I found out during my first semester of college that I’m a romantic. As a future author, this mindset’s going to help me out tremendously when I’m building relationships with my characters. However, being the single person that I am now, having romantic tendencies isn’t helping me out much at the moment. Realizing I’m not the only one out there, here’s a list of things not to do when you’re a lonely romantic
1. Do not listen to romantic/sad music
So I’m guilty of breaking this one the most out of all of things listed. In fact, I’m listening to a sad song right now as I write this. If you are a lonely romantic, don’t be like me. Listening to any kind of romantic/sad music is only going to make you want to feel sad about your current position and want to rush into the first relationship you can find. Not a good idea. Relationships are things you need to take time to establish and grow in, not something to rush into. Listening to the kind of music that makes you long for some kind of human contact is not going to be good for you in the long run. Listening to one or two songs now and again is fine, but playing one song on a loop like I’m doing isn’t the best for your current state.
2. Do not get caught up in what could have been
The last thing any romantic needs to do is look back into the past and wonder what could have happened if they did _____. Keeping your head in the past while you wonder what you could have done differently to keep some relationship afloat or to kick start a new relationship is not a positive way to live. Trust me, I’ve thought about countless ways I could’ve tried harder to try to start a more serious relationship with someone and all that did was make me depressed. Instead of focusing on the past, fellow romantics, focus on the future. The right person God has for you is out there in the world, not in what could have been.

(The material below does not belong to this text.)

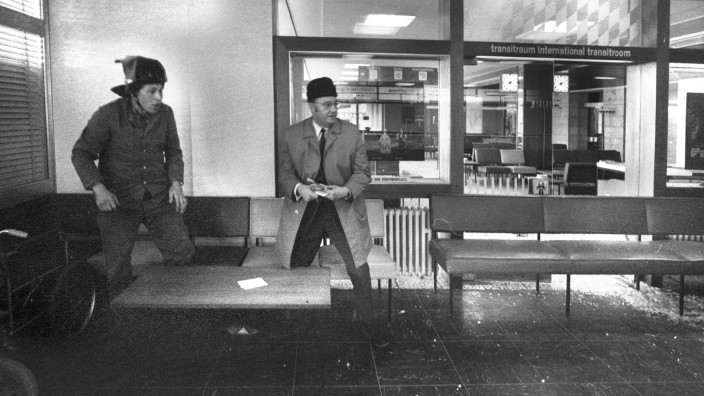 Flughafen Riem am 10. Februar 1970: Im Transitbereich des früheren Flughafens München-Riem griffen die drei Terroristen an. Das Foto entstand nach dem Anschlag, womöglich bei seiner Aufarbeitung.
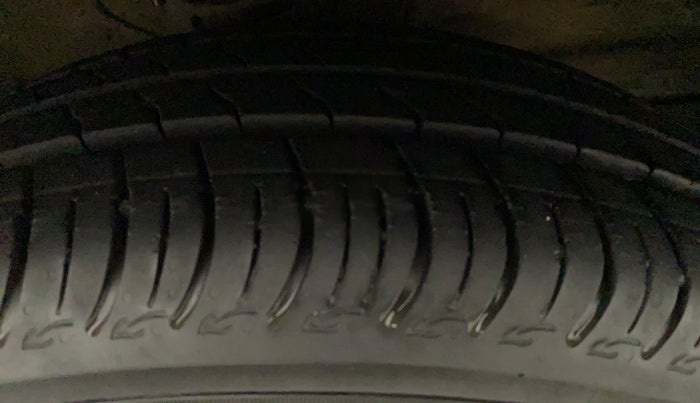 2021 Maruti S PRESSO VXI+, Petrol, Manual, 11,271 km, Left Front Tyre Tread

3. Do not watch romance movies
Another thing I found out while I was going through my first year of college was that I cry more than most normal people. Well, I cry more than most guys anyways. You know what really makes a guy cry though? Romance movies. Because you know that eventually there’s going to be some scene in the movie that’s going to get your tear ducts working and a couple things are going to happen. One, the person sitting next to you is going to be wondering why you’re making a river in their living room; two, your loneliness factor is going to be upped by 10; and three, you’re going to want to watch another one. If you see how this is all going down a self-destructive pattern, then I rest my case. Nothing good is going to come from romance movies.
4. Do not be disheartened by other people’s relationships
Everyone has friends. Friends are great. Except when they’re in a relationship. Then you sometimes don’t want to be around them. Seeing two people happy in their relationship doesn’t really help when you’re single and lonely, I speak from experience. But it’s good to remember that friends are here to help you and keep you feeling good. Just because they’re in a relationship shouldn’t get you down. Instead, be happy for them, don’t get caught up in their happiness, and maybe one day they’ll set you up with one of their other friends. Hey, a guy can hope right?
5. Do not watch TV shows just to get hooked on the onscreen relationships
I’m a TV fanatic. My book shelves are filled with TV seasons, not books, if that gives you an idea. But the thing about watching TV when you’re feeling lonely is that eventually you find yourself becoming a shipper. It can be as simple as this: you like two characters, you like how they like each other, you hate that they’re not together. Next thing you know you’re screaming at the TV because you’re two characters didn’t kiss or a romantic moment was ruined and you don’t comprehend that this particular episode aired ten years ago. Bottom line, if you’re feeling lonely and you’re surfing Netflix, pick a documentary series. At least then you’ll fall asleep instead of crying during an episode of Lost. Which I have not done. Ever.
6. Do not think it’s over for your love life
So let’s say you’ve failed to stay away from everything I’ve talked about above. You’re a lonely romantic listening to Ed Sheeran, watching a Nicolas Sparks movie while a Friends episode is on pause, and texting your best friend about how their girlfriend is doing. You’re probably feeling down right now. Like, rock bottom down. What you need to remember is that God has a plan for you. And no, most likely that plan does not involve you sitting around and crying into a pillow. Just because you’re single now doesn’t mean you’re going to be single forever. The best advice that I can offer to a lonely romantic is don’t give up hope, have faith in God, and watch an action movie.